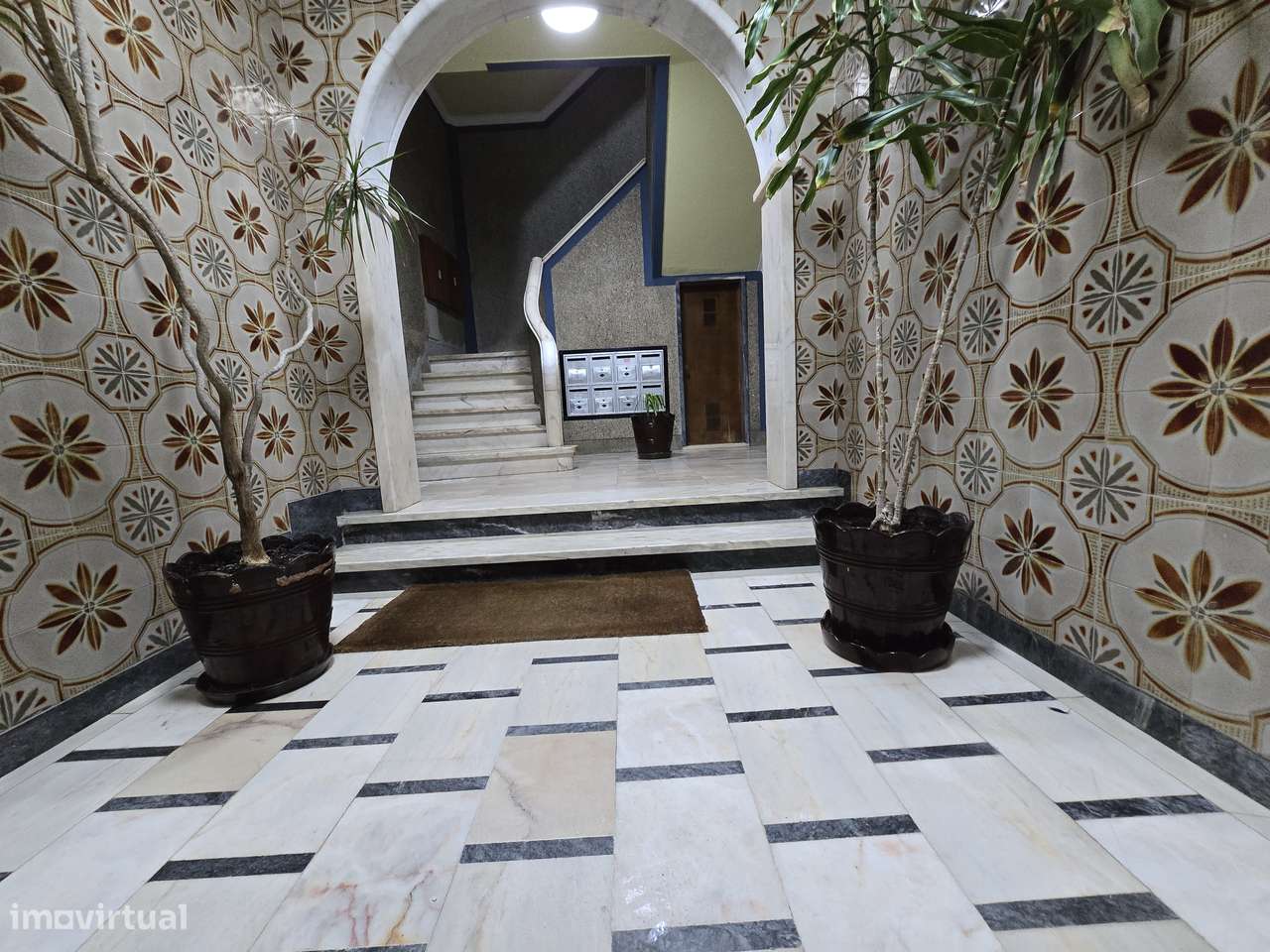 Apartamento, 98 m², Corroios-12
————————
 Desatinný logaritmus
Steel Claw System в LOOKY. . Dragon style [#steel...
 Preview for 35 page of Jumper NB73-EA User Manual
————————
Instructions to follow:
In the listing above, find the line containing "Desatinný logaritmus" and the line containing "Preview for 35". Output them and every line between, exactly, and nothing else.

Answer to this task:
 Desatinný logaritmus
Steel Claw System в LOOKY. . Dragon style [#steel...
 Preview for 35 page of Jumper NB73-EA User Manual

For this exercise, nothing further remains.